Periodic Reporting for period 3 - MAMSIE (Mixing and Angular Momentum tranSport of massIvE stars)

Reporting period: 2019-01-01 to 2020-06-30

Computations of the chemical enrichment of galaxies and of the Universe as a whole, rely heavily on the outcome of stellar evolutionary theory of massive stars (e.g. Maeder 2009, Langer 2012). Essentially all heavy elements are delivered by stars that get born with several to tens of times the mass of the Sun (hereafter termed massive stars). Theoretical predictions for the evolutionary properties of such massive stars depend strongly on poorly known phenomena like convective overshooting, internal differential rotation, internal magnetic elds, the stellar wind, etc. The joint consequences of these processes for the mixing of chemical species and for the transport and loss of angular momentum throughout the stellar lifetime remain largely unknown. Furthermore, the inclusion of angular momentum transport and turbulent entrainment from the convective core regions are currently still lacking in stellar evolution theory while they hold the potential to explain various recently observed phenomena that have hitherto no explanation in terms of current models (e.g. Tkachenko et al. 2014).

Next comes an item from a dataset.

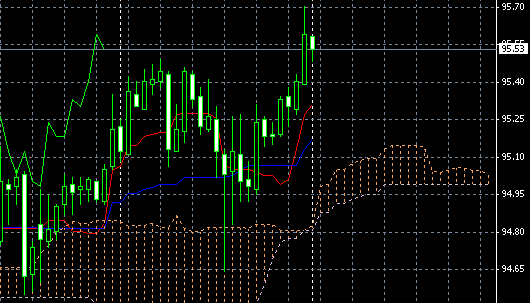 USD0528.gif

With MAMSIE, we take a novel approach by constructing models for stellar interiors of carefully selected massive stars through the development and application of asteroseismic modelling methods based on detected and identied gravity-mode oscillations. In contrast to pressure-mode oscillations propagating through the envelopes of stars, gravity modes probe the entire stellar interior, all the way from the surface to the core. A large number of such modes has recently been detected by our team in a few carefully selected young massive stars from the CoRoT and Kepler missions. Moreover, hundreds of massive stars in all evolutionary stages were submitted by the MAMSIE team as NASA Guest Observer programme and have recently been observed by the successor of Kepler, termed the K2 mission (Howell et al. 2014).
"Some of the most important publications in our work packages are summarized below.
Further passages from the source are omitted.